Here are Armengaud's CD's on Mandala (previously on Circe label):

MAN 4821 Famous Works
MAN 4822 Humorous Pieces
MAN 4823 Surrealism
MAN 4824 Mystical Works
MAN 4825 Works For Piano Duet

MAN4821/25 Complete Piano Works - all five CD's

MAN 4867 Melodies And Songs (with Anne-Sophie Schmidt, sop)

MAN 4879 Mon Ami Satie
("Une Heure d'Humour avec Satie: Pieplu recitant &  Armenguad, piano."   Don't know what this is, but it includes recitation by someone named "Pieplu." Probably not in print, will try to find out more.)

MAN 4882 Complete Piano Duets (with Dominique Merlet)
(I guess this is the same as MAN 4825, not sure.)

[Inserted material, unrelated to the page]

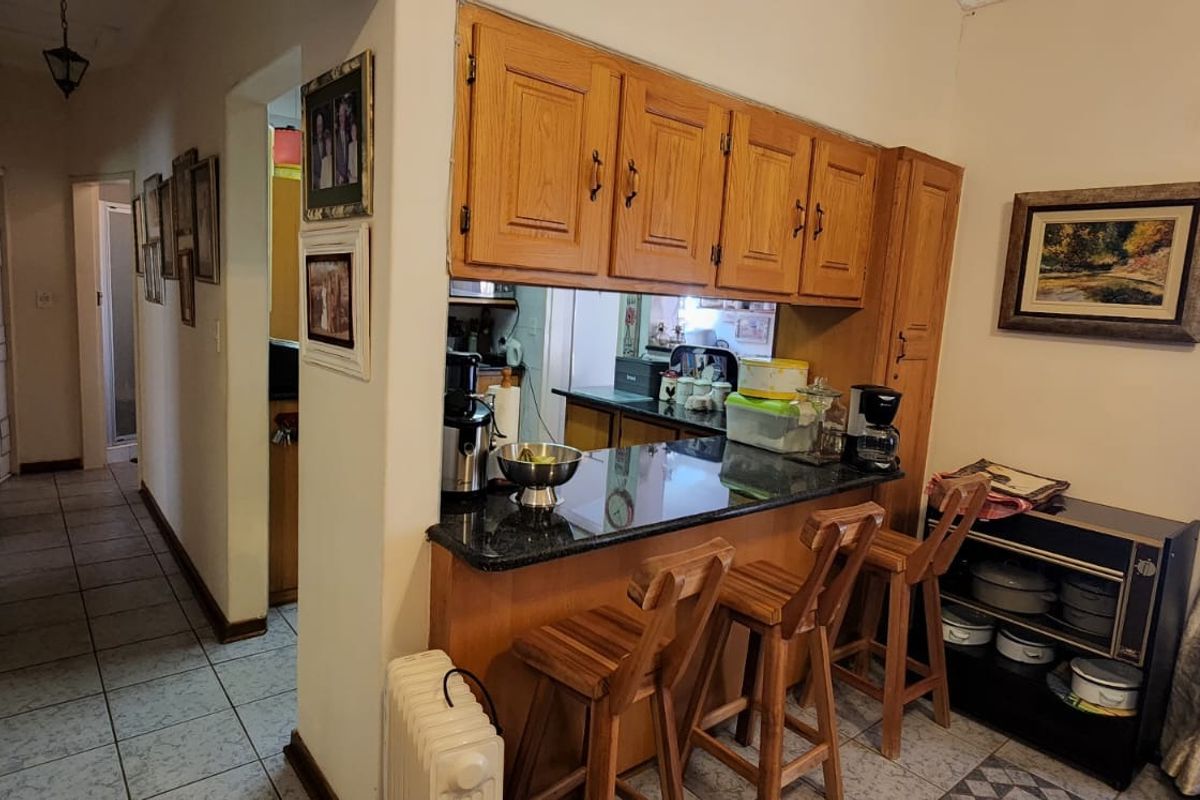 A kitchen area featuring wooden cabinetry, granite countertops, and a breakfast bar, connected to a tiled hallway.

The Armengaud recordings have floated from label to label (La Chanto du Monde, Circe, Mandala …) The CD discussed below, Insolite, Le Chant du Monde 78.805, is probably included on one or more of the Mandala CDs.


Fanfare Nov/Dec 86, E.G.:
Compares Insolite with Jean-Joel Barbier, Vol. 2.

Sports and Divertissments, Piéces Froides, Allegro, Cinéma, Je te Veux, Les Pantins Dansents, Le Piége de Méduse, Le Poissen rêveur, Valse Ballet, Versets Laïques et Sompteux.

The selections on Erik Satie piano recital recordings are nearly as impossible to match up as on the "My Favorite Chopin" type. All of the works are small and even the largest, such as Sports et Divertissements, are really collections of miniatures. For all of his outrageousness, Satie was an original voice whose legend and influence might unfairly overshadow his real worth as a composer. For an evaluation of his music one may either go to the scores, which are not that difficult to play badly, or to recordings, which are in surprising abundance.

Recordings are essential since Satie probably gets fewer live performances than almost any peripheral composer. His music was better championed by rock groups than by major pianists, although Aldo Ciccolini's six-record survey established his own name as well as Satie's.

Armengaud tends toward the more neglected fringes of this neglected repetoire. He includes such youthful works as the Delibesian Valse Ballet, the early minimalism of Cinéma, and the slyly humorous austerity of the Piéces froides. Barbier chooses a more middle of the road program of humorous pieces. The only shared music is Sports et Divertissements, which I find more sporty and diverting in Barbier's recording.

The Accord recording was made in 1968, and that old devil hiss rears its obtrussive head. <Armengaud>'s 1985 CD has no such problems, although neither piano is that attractively recorded. Each disc is 61 minutes and change, and the program notes are negligible, mostly occupied with the witty tempo, expression, and narrative markings that make Satie scores so unique.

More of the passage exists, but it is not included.